» What you need to do: From the line containing "Yacht Photos Pics" down to the line containing "Youth Hoodie Fourth" in the records below, reproduce every line exactly, ends included, and omit all others.

[Items from a data source]
*** Begin section ***
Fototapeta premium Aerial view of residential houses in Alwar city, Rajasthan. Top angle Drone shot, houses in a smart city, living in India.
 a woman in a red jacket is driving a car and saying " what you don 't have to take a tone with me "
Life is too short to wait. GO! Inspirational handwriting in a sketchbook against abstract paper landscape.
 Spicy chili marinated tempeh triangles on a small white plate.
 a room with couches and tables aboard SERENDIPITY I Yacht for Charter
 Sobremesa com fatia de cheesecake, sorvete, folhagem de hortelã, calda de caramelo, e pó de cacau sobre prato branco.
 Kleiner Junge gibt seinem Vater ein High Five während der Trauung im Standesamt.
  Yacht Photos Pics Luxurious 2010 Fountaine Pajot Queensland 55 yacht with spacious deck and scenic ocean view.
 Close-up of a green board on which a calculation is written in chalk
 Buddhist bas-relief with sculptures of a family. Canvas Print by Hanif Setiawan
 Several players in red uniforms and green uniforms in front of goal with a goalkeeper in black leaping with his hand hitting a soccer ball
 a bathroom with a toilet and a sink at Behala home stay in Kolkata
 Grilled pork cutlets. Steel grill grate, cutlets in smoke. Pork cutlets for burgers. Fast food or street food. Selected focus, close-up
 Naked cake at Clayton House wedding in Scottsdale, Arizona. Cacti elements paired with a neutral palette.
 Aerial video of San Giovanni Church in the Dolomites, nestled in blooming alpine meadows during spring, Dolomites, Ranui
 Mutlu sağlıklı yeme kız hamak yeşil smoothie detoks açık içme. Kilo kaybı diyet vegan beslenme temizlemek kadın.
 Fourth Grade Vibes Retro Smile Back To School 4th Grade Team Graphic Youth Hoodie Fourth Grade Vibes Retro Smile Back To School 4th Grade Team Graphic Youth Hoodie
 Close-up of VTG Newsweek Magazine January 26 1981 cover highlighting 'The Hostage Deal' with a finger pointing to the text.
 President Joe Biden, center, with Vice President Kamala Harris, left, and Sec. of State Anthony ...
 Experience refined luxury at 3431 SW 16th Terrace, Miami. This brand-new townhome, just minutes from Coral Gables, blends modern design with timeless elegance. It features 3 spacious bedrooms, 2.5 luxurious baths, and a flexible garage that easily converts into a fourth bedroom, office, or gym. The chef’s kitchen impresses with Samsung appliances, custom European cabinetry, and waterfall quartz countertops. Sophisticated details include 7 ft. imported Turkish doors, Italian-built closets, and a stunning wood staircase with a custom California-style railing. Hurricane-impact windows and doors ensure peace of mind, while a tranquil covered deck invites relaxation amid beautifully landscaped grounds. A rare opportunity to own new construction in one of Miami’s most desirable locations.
*** End section ***
» Expected answer:
  Yacht Photos Pics Luxurious 2010 Fountaine Pajot Queensland 55 yacht with spacious deck and scenic ocean view.
 Close-up of a green board on which a calculation is written in chalk
 Buddhist bas-relief with sculptures of a family. Canvas Print by Hanif Setiawan
 Several players in red uniforms and green uniforms in front of goal with a goalkeeper in black leaping with his hand hitting a soccer ball
 a bathroom with a toilet and a sink at Behala home stay in Kolkata
 Grilled pork cutlets. Steel grill grate, cutlets in smoke. Pork cutlets for burgers. Fast food or street food. Selected focus, close-up
 Naked cake at Clayton House wedding in Scottsdale, Arizona. Cacti elements paired with a neutral palette.
 Aerial video of San Giovanni Church in the Dolomites, nestled in blooming alpine meadows during spring, Dolomites, Ranui
 Mutlu sağlıklı yeme kız hamak yeşil smoothie detoks açık içme. Kilo kaybı diyet vegan beslenme temizlemek kadın.
 Fourth Grade Vibes Retro Smile Back To School 4th Grade Team Graphic Youth Hoodie Fourth Grade Vibes Retro Smile Back To School 4th Grade Team Graphic Youth Hoodie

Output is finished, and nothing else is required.